Work task
In the records below, find the line containing "Two people in" and transcribe it and every line after it exactly; leave the pictures out.

** Record extracts follows **

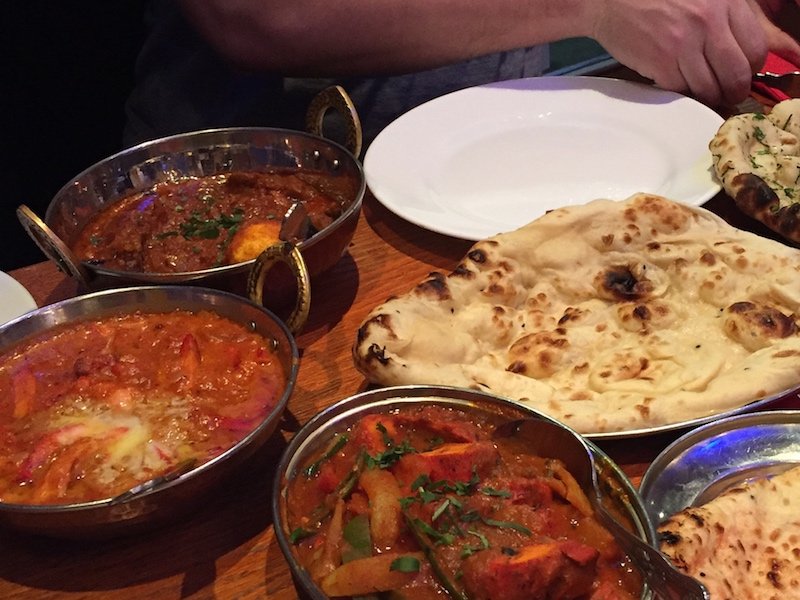 people's hands enjoying indian food in london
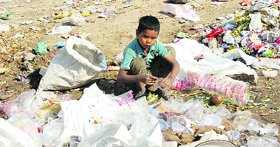 A child looks for useful items in garbage in the Shakti Nagar area of Jammu.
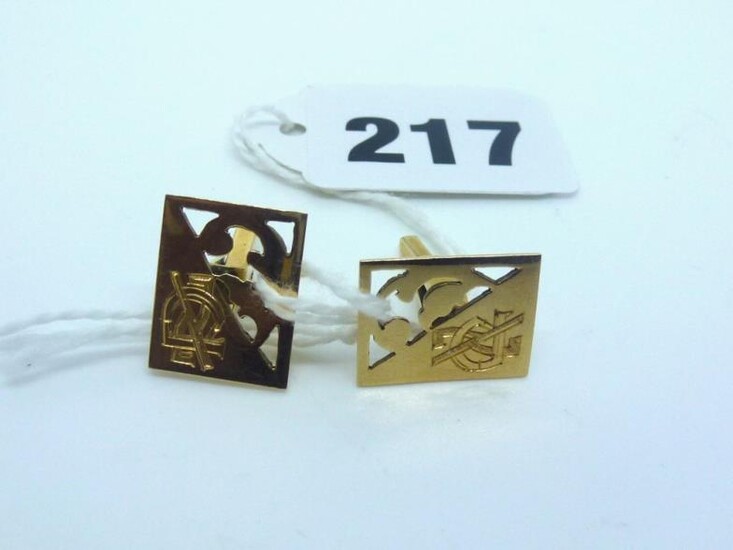 A pair of yellow metal cufflinks marked 14K, estimated...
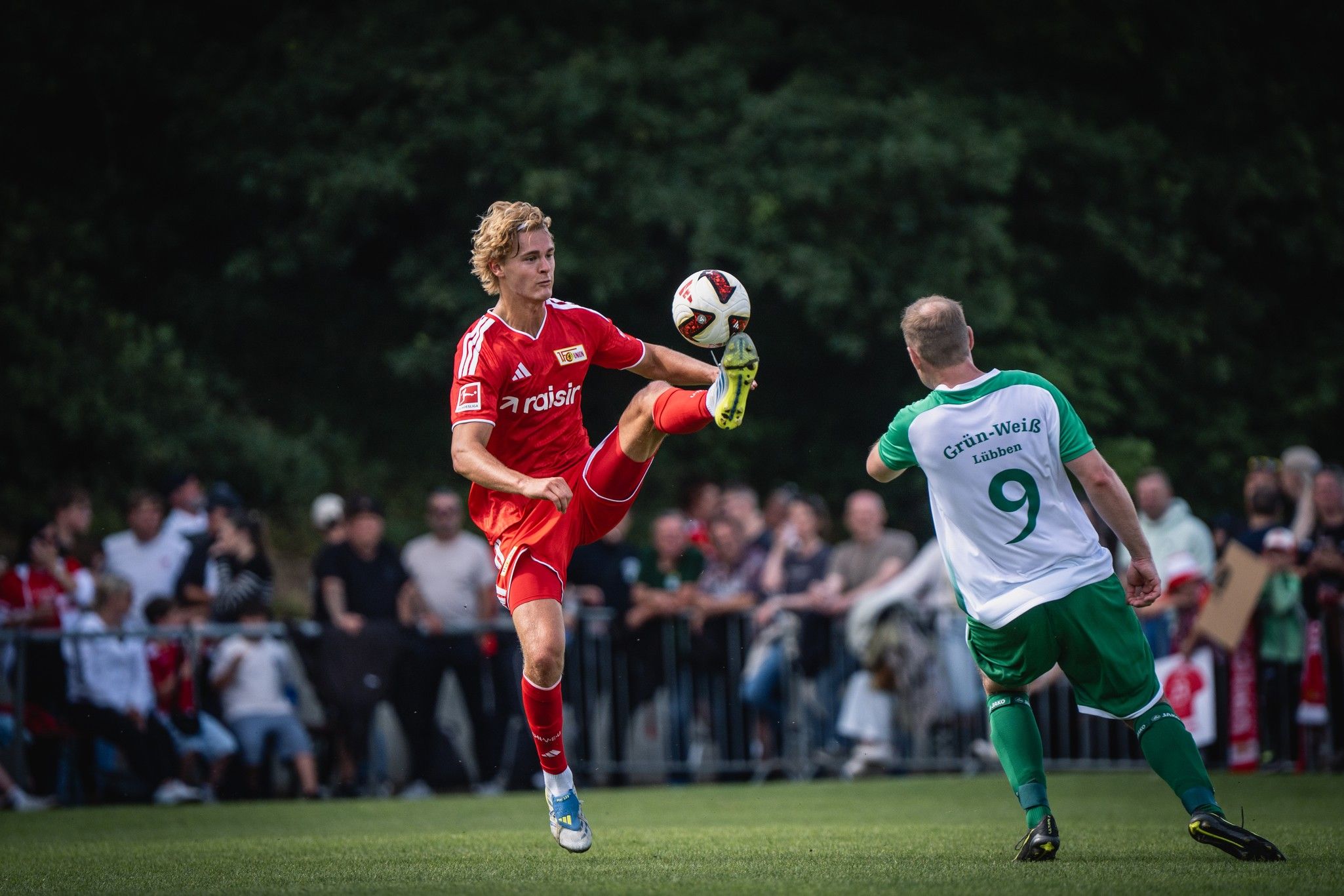 Ein Fußballspieler in rotem Trikot hebt das Bein, um den Ball zu spielen, während ein Gegner in grün-weiß zuschaut. Zuschauer im Hintergrund.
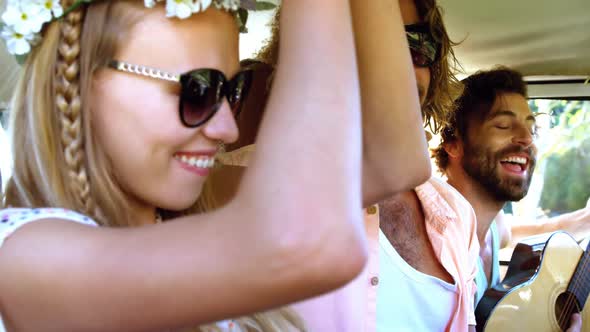 Hipster friends dancing in the van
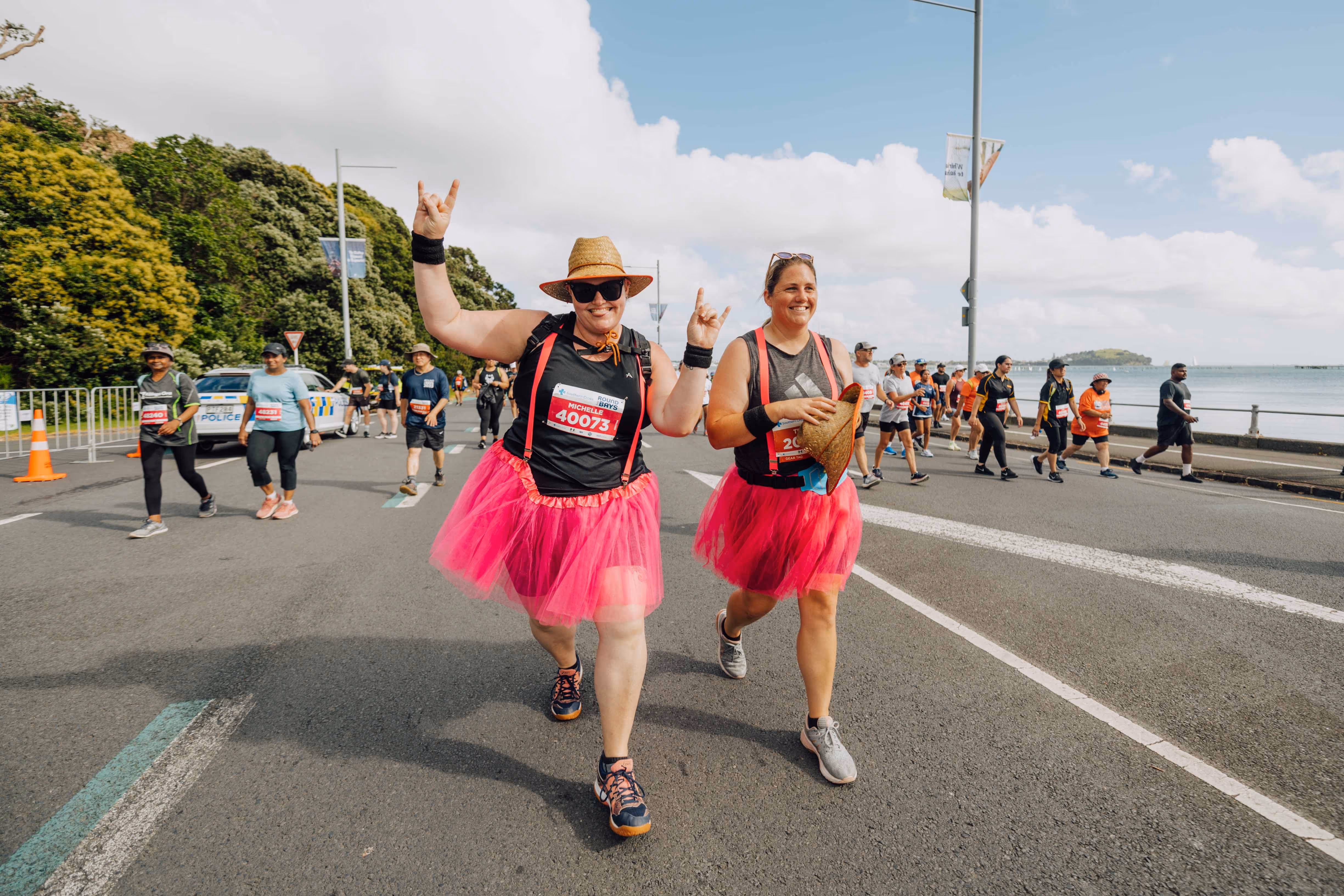 Two people in pink tutus run on a road during a race or fun run event. Both are smiling and have their arms raised in a celebratory manner. Other participants and spectators can be seen in the background. It's a sunny day with a few clouds in the sky.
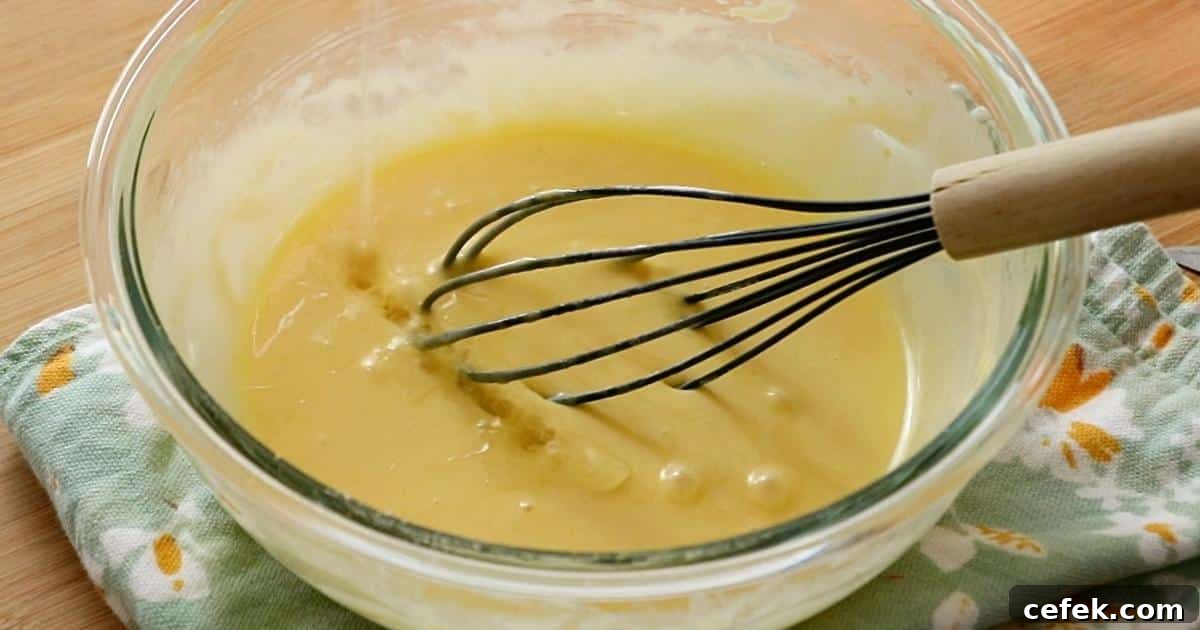 adding lemon juice to the batter to make lemon madeleines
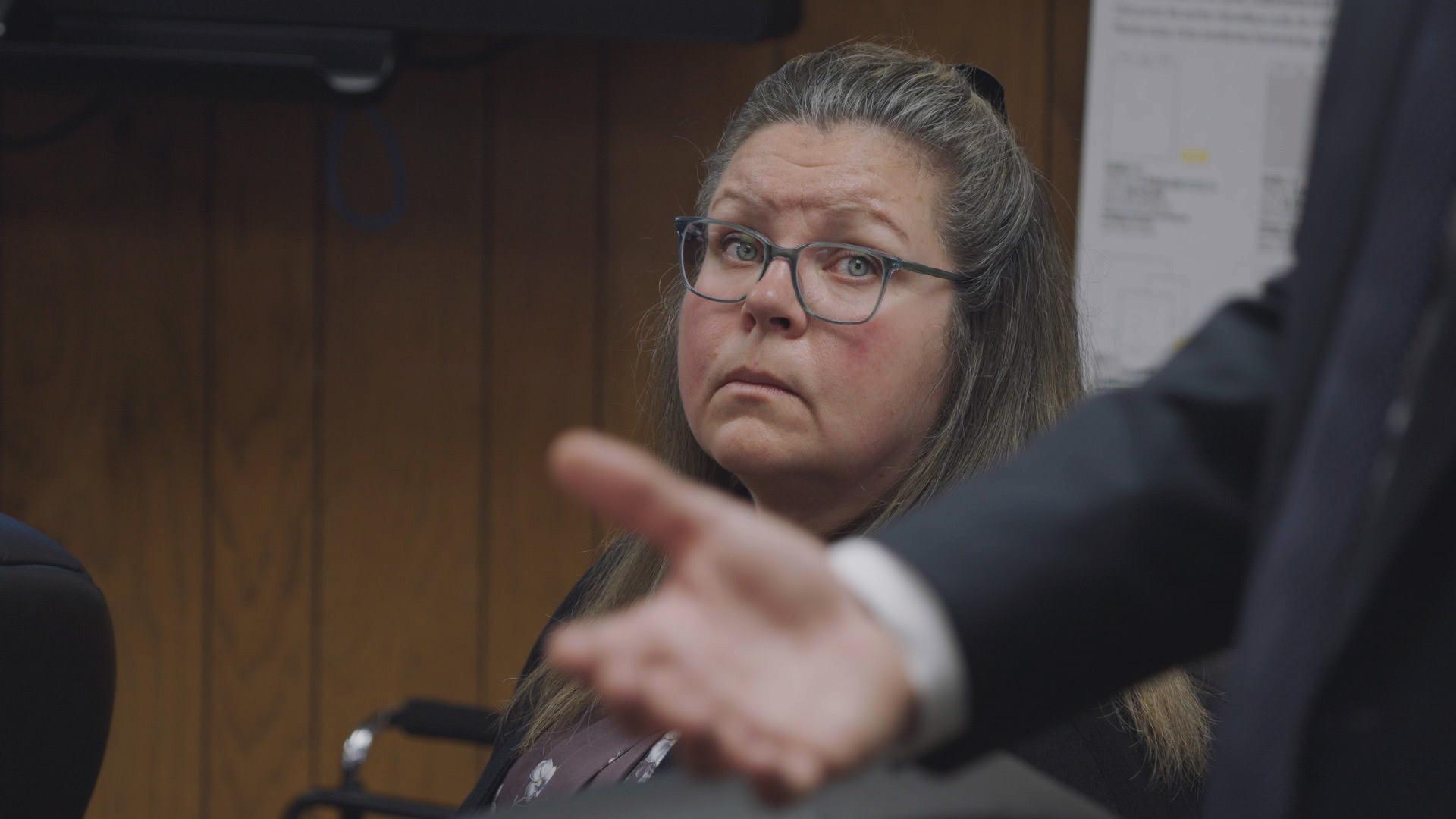 Gail Eastwood-Ritchey, a white woman with glasses and greying light-brown hair, sits in a courtroom and looks in the direction of a man making a speech. The man is partly visible in the foreground of the photo. He is standing up and only his arm and hand are in the shot as he makes a gesture.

** End of Record extracts **

The answer
 Two people in pink tutus run on a road during a race or fun run event. Both are smiling and have their arms raised in a celebratory manner. Other participants and spectators can be seen in the background. It's a sunny day with a few clouds in the sky.
 adding lemon juice to the batter to make lemon madeleines
 Gail Eastwood-Ritchey, a white woman with glasses and greying light-brown hair, sits in a courtroom and looks in the direction of a man making a speech. The man is partly visible in the foreground of the photo. He is standing up and only his arm and hand are in the shot as he makes a gesture.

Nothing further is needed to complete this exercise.